**AIM OF THE TASK:** Retype the lines from the first one in the records down to the line containing "2015 Mazda Bongo", counting both, and leave out any pictures.

**DATA EXCERPTS:**
----------------

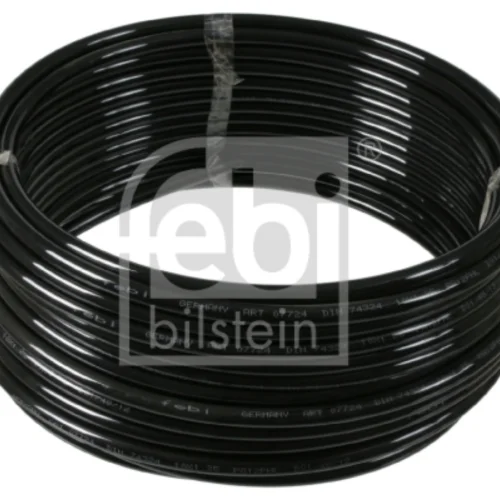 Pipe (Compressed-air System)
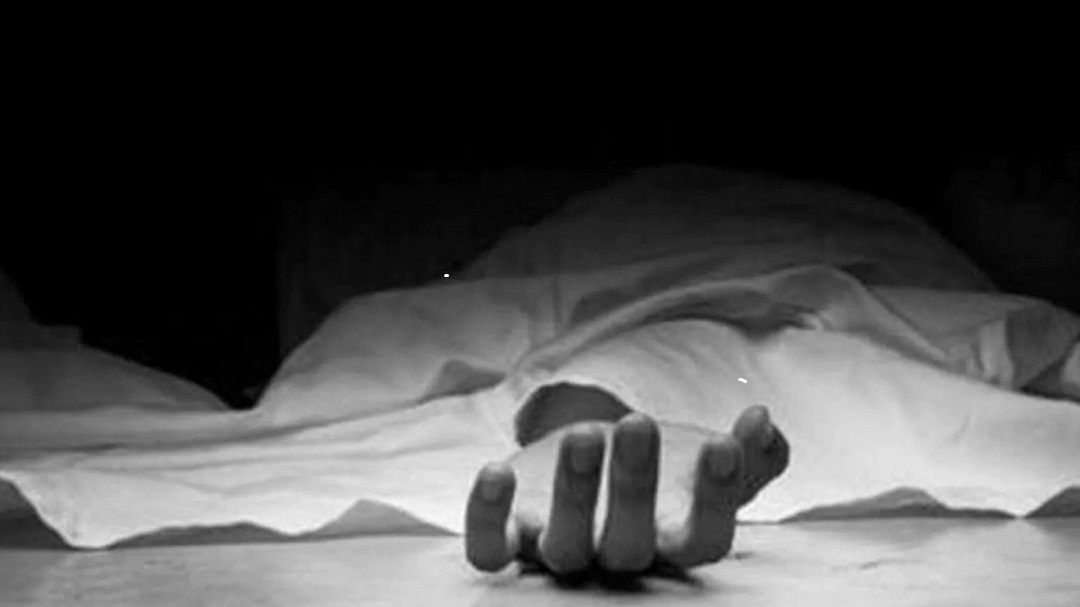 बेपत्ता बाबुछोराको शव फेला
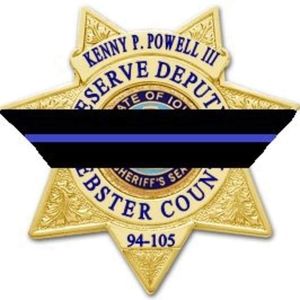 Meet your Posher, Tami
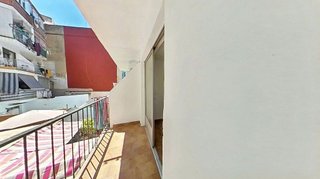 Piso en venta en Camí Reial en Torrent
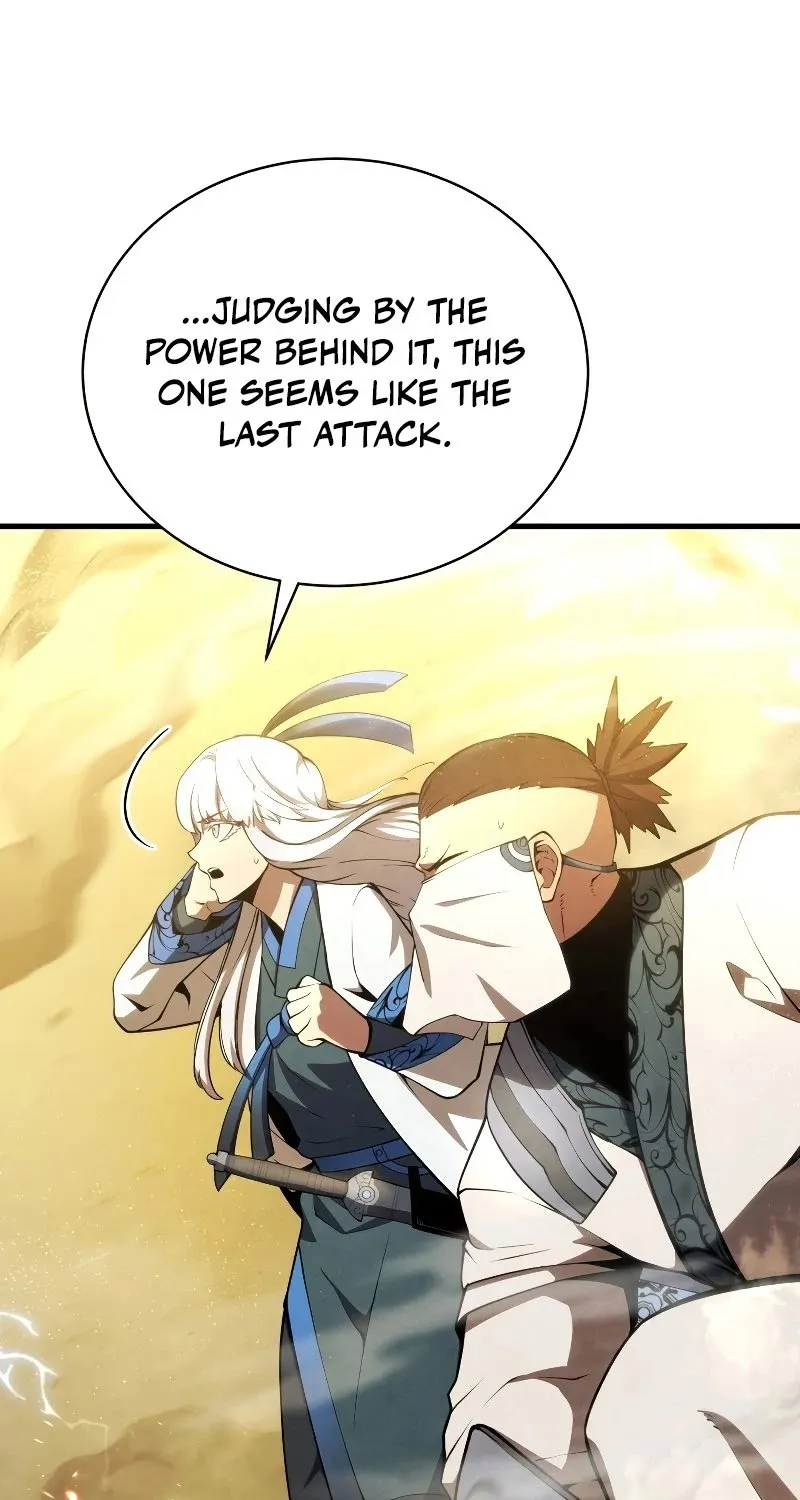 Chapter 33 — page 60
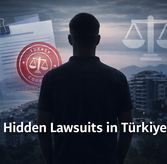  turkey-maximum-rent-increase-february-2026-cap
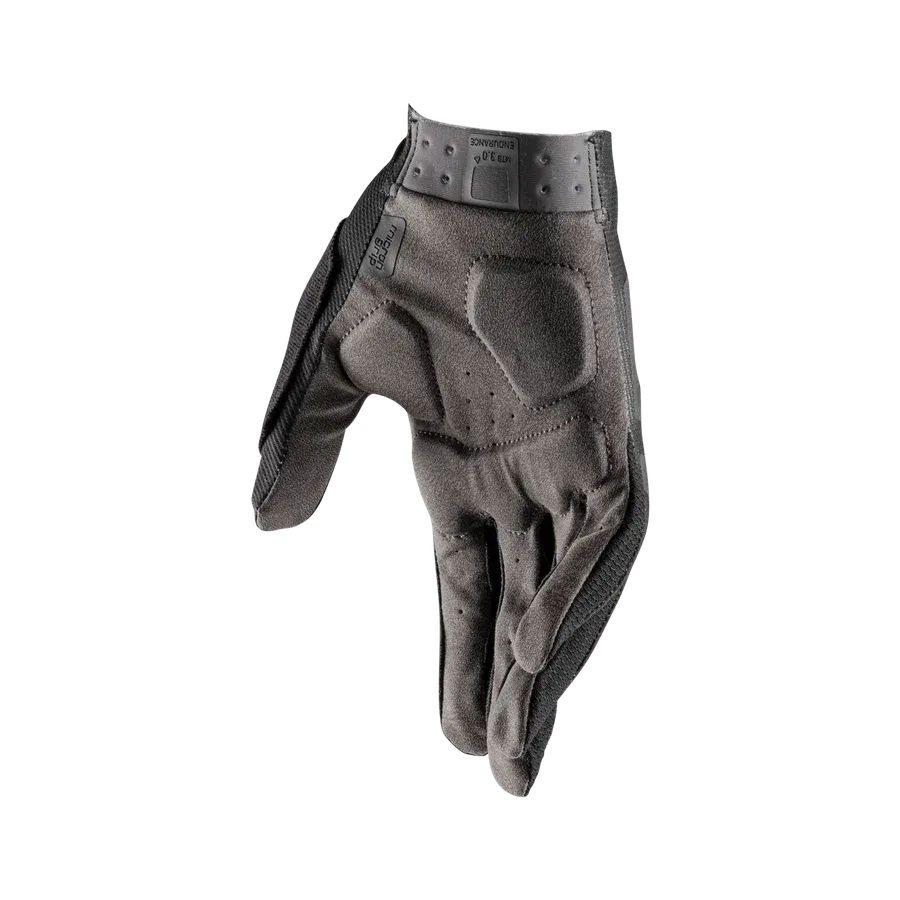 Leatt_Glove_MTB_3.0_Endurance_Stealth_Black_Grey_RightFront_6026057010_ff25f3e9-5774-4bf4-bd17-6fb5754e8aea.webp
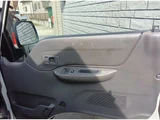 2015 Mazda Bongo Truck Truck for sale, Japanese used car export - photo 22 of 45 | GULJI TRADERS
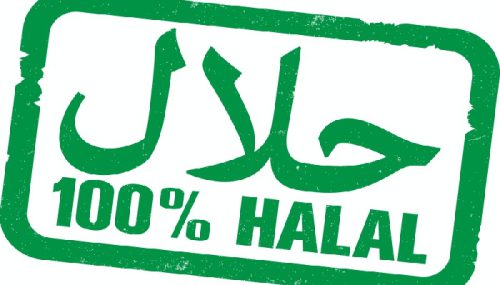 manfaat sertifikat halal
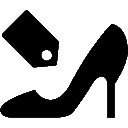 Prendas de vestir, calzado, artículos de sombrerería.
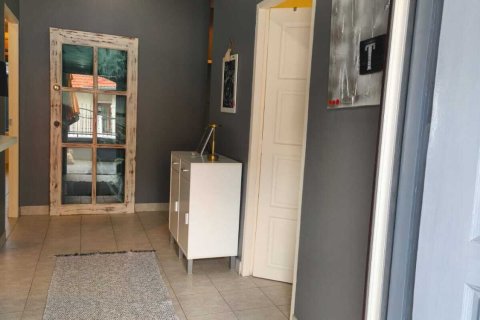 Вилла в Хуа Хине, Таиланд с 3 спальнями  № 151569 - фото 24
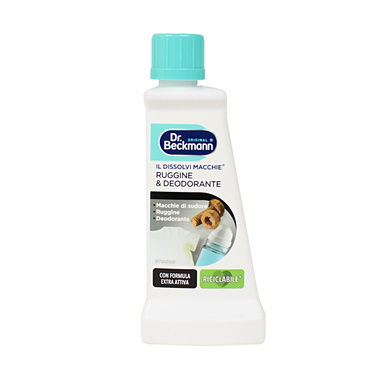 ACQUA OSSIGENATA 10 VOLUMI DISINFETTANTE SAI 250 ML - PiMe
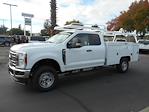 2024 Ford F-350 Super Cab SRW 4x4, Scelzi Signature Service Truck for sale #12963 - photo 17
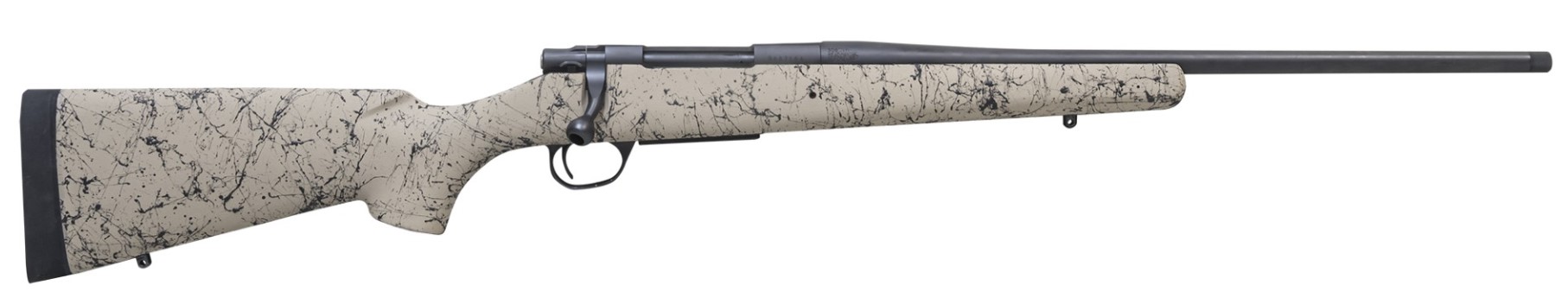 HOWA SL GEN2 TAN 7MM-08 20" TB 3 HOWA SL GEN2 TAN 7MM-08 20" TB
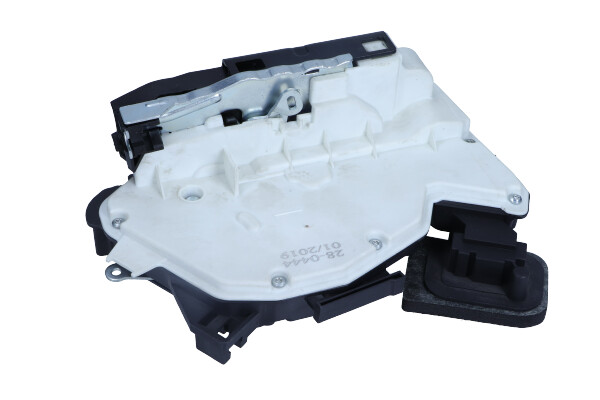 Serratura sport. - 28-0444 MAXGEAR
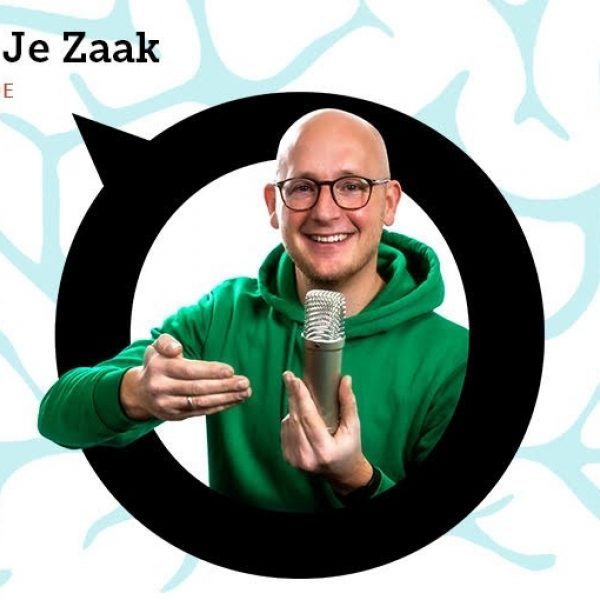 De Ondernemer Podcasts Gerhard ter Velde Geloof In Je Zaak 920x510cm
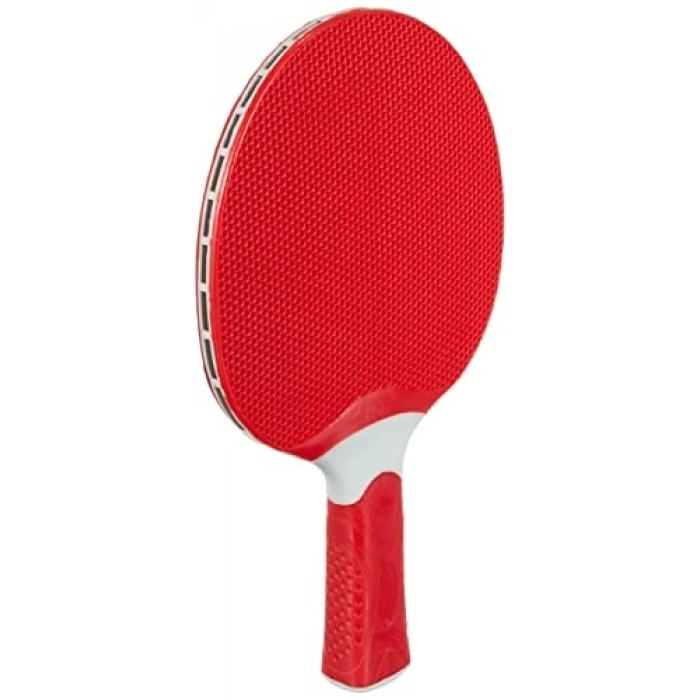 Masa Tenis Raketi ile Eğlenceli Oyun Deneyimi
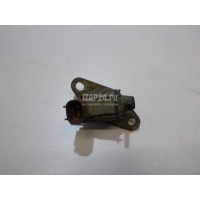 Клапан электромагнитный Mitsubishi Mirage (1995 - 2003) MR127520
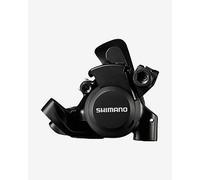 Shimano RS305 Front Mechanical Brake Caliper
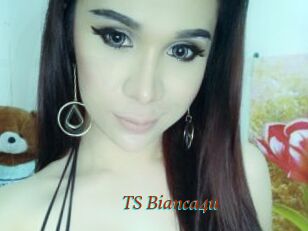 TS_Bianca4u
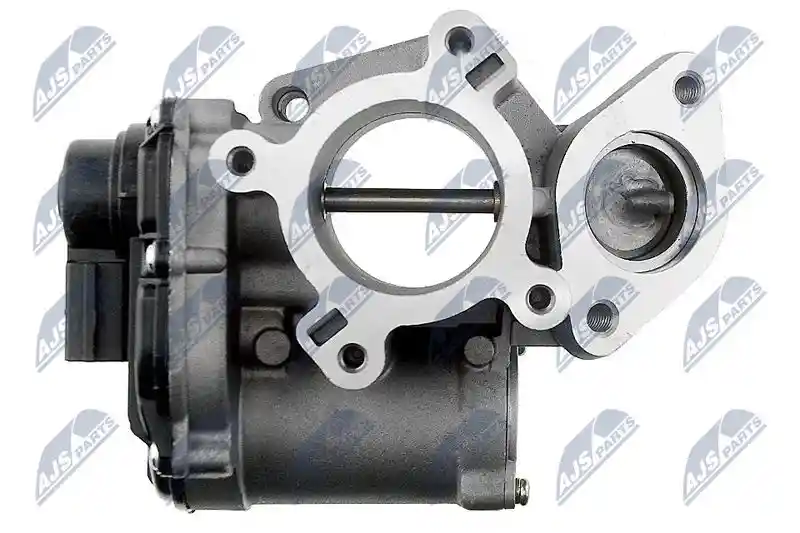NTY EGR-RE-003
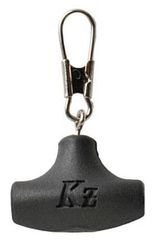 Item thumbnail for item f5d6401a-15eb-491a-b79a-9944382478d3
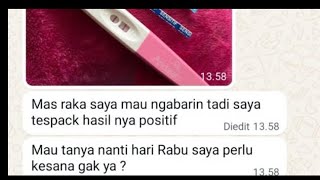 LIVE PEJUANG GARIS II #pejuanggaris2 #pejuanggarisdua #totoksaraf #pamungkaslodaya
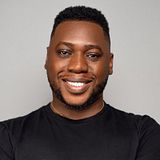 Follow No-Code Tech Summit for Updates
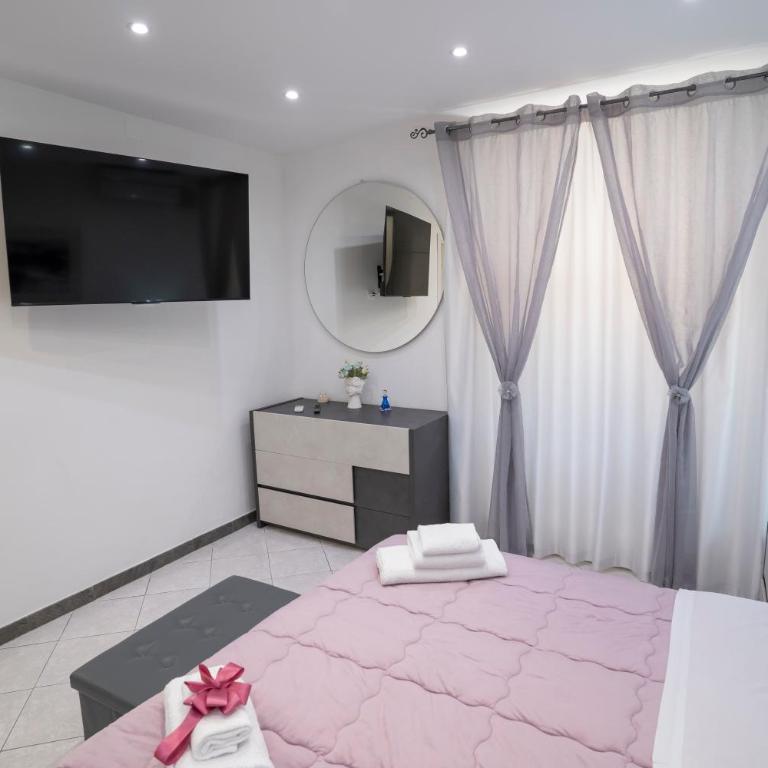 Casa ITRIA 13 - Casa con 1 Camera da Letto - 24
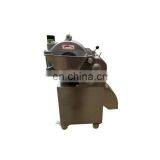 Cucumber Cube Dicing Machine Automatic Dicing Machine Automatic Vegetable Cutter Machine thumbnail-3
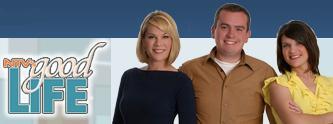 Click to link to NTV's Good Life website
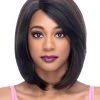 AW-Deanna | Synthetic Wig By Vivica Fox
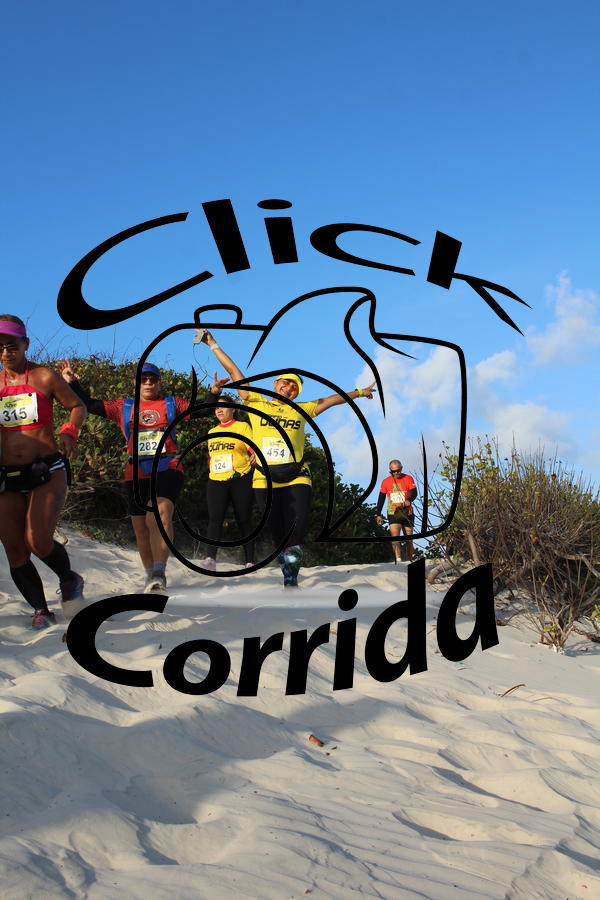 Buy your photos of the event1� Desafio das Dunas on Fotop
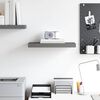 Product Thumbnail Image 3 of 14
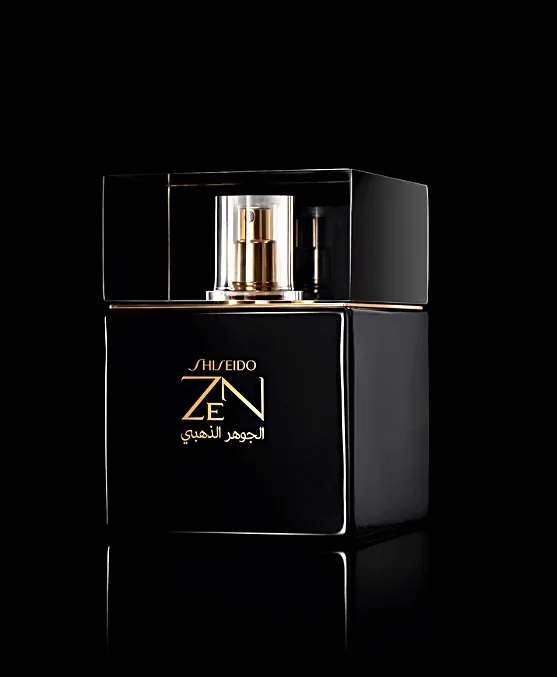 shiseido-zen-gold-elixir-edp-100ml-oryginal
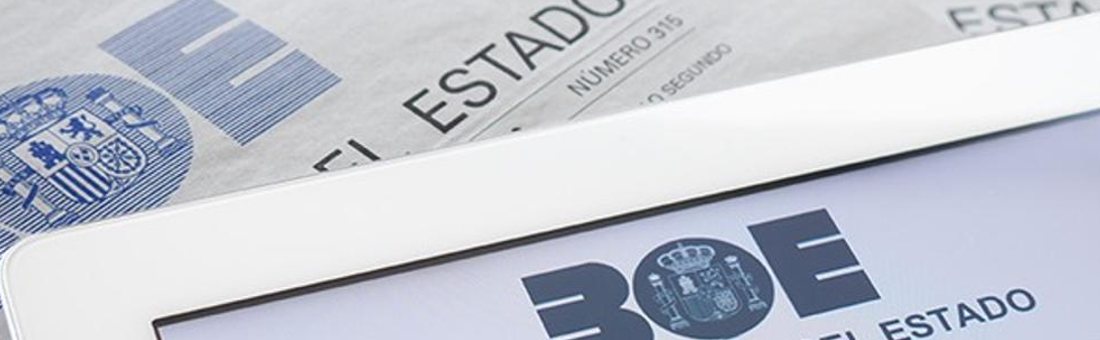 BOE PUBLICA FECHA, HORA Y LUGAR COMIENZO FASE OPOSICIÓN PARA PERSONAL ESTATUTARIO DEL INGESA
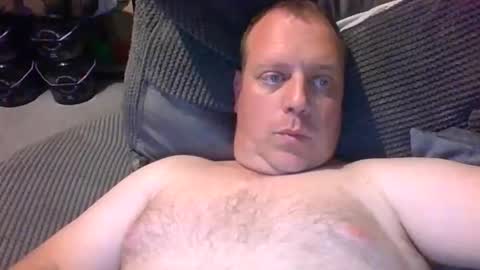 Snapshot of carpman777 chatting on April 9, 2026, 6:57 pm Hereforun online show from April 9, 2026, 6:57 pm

----------------

**EXERCISE RESULT:**
 Pipe (Compressed-air System)
 बेपत्ता बाबुछोराको शव फेला
 Meet your Posher, Tami
 Piso en venta en Camí Reial en Torrent
 Chapter 33 — page 60
  turkey-maximum-rent-increase-february-2026-cap
 Leatt_Glove_MTB_3.0_Endurance_Stealth_Black_Grey_RightFront_6026057010_ff25f3e9-5774-4bf4-bd17-6fb5754e8aea.webp
 2015 Mazda Bongo Truck Truck for sale, Japanese used car export - photo 22 of 45 | GULJI TRADERS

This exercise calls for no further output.